Bicalutamide is a non-steroidal androgen receptor inhibitor. It competitively inhibits the action of androgens by binding to cytosol androgen receptors in the target tissue. Prostatic carcinoma is known to be androgen sensitive and responds to treatment that counteracts the effect of androgen and/or removes the source of androgen.

Bicalutamide 50 mg is approved only in combination with a luteinizing hormone-releasing hormone (LHRH) analog for the treatment of Stage D metastatic prostate cancer.

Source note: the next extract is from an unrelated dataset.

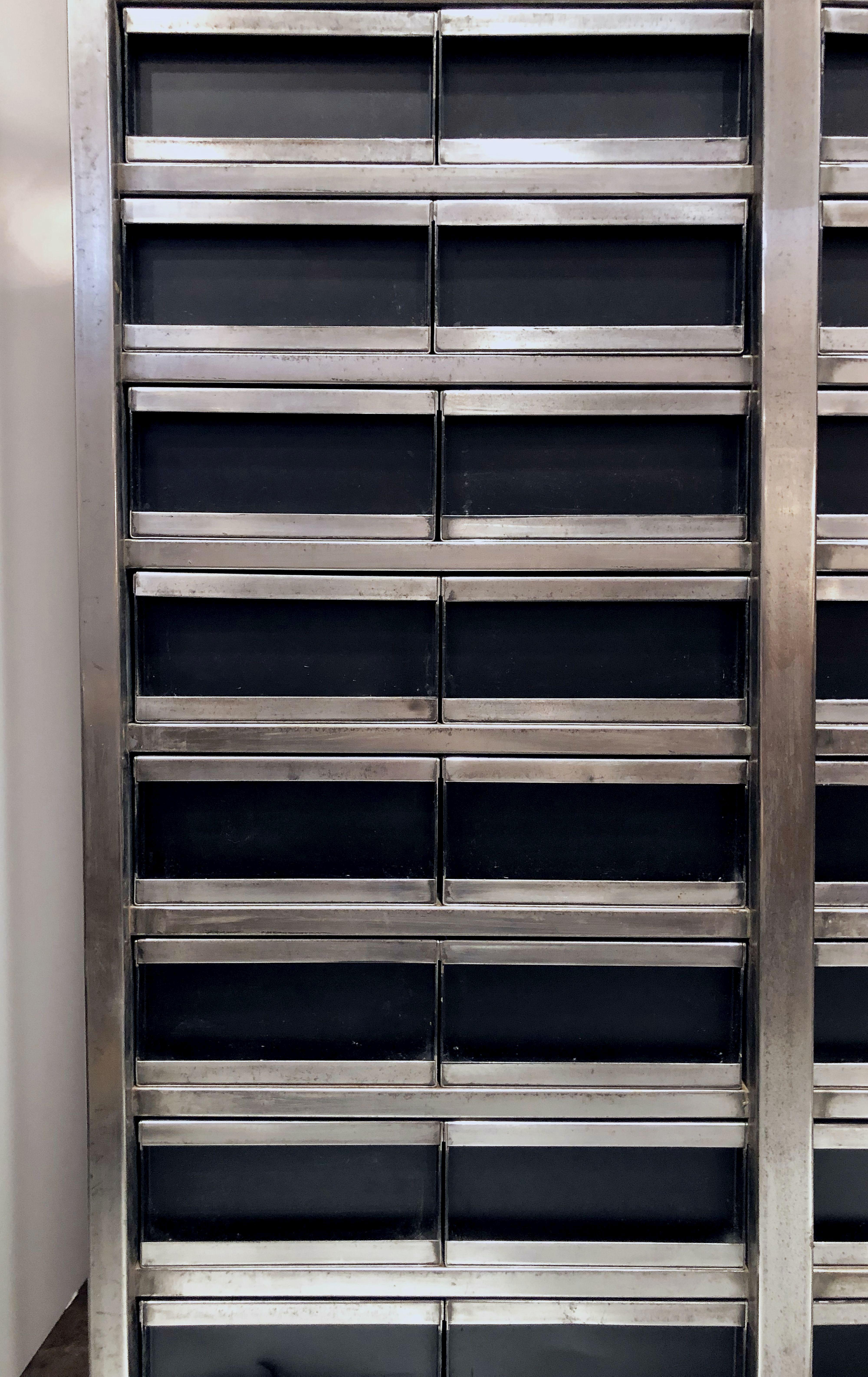 Industrieller Schrank aus brüniertem Stahl mit Schubladenschrank aus England im Angebot 6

50 mg orally once daily, with or without food, at the same time each day.

Hot flashes (53%)

Pain (general/back/pelvic/abdominal)

Asthenia (22%)

Constipation, nausea, edema

Dyspnea, anemia, nocturia, hematuria

Bicalutamide is contraindicated in:

• Hypersensitivity

Bicalutamide is contraindicated in any patient who has shown a hypersensitivity reaction to the drug or any of the tablet’s components. Hypersensitivity reactions including angioneurotic edema and urticaria have been reported.

• Women

Bicalutamide has no indication for women, and should not be used in this population.

• Pregnancy

Bicalutamide can cause fetal harm when administered to a pregnant woman

Hepatotoxicity:
Potentially fatal liver injury; monitor liver enzymes before and during treatment. Discontinue if ALT >2× ULN or jaundice occurs.

Bleeding Risk:
Serious bleeding events may occur when used with coumarin anticoagulants. Monitor INR/PT closely.

Gynecomastia and Breast Pain:
Seen especially with 150 mg dose (not approved), but possible at any level.

Glucose Tolerance Impairment:
Increased risk of diabetes or poor glycemic control when used with LHRH agonists.

Photosensitivity:
Cases reported. Patients should avoid UV/sunlight exposure and consider sunscreen use.